On premises where the atmosphere requires extreme formality like the Senate or different courts, the protocolar forms to address dignitaries Vossa Excelência ("Your Excellence") and Vossa Senhoria ("Your Lordship/Ladyship") can still be heard. In a direct address to a judge or the president, Vossa Excelência must follow the vocatives Meritíssimo/a ("Your Honour", literally "full of merit") and Sr/Sra Presidente ("Mr/Mrs" President). When addressing an ecclesiastical dignitary the form Vossa Reverência ("Your Reverence") is used. Although Vossa Senhoria is regarded as protocolar, it is an equalizing form.

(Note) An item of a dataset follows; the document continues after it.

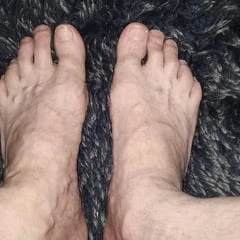 Feet 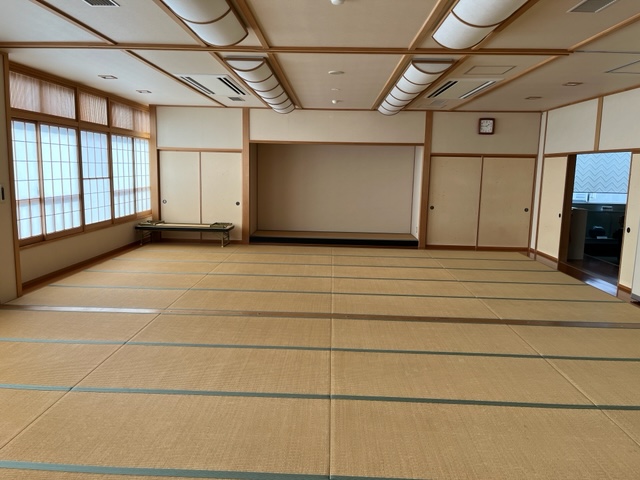 別館の和室中研修室。畳敷きの室内。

In some parts of the country and in television speech (that used by reporters and actors, for instance) você is used even between intimate speakers. In other parts of the geographic extension of the language e.g. most of Southern and Northeastern Brazil, some sociolects of coastal São Paulo, mainly in Greater Santos, colloquial carioca sociolect, mainly among the less educated and some all-class youths of Greater Rio de Janeiro, and in Uruguay, tu (singular "you" or simply "thou") is used informally, but the plural form is always vocês. For the overwhelming majority of people, the pronoun tu is commonly used with the verb conjugated as você (third-person singular) rather than in the traditional conjugation (second-person singular). Tu is somewhat familiar, even intimate, and should never be addressed to superiors, or strange elders, while você is much more neutral, although equalizing.

The dialect that includes Florianópolis, capital city of Santa Catarina, as well as its shore and inner regions in the proximity like Blumenau, is an exception, as the use of tu is widespread, even addressing formally to an authority or to a superior. It is one of the few dialects in Brazil in which second-person singular agreement is used (along with the relatively conservative dialect of the state of Maranhão).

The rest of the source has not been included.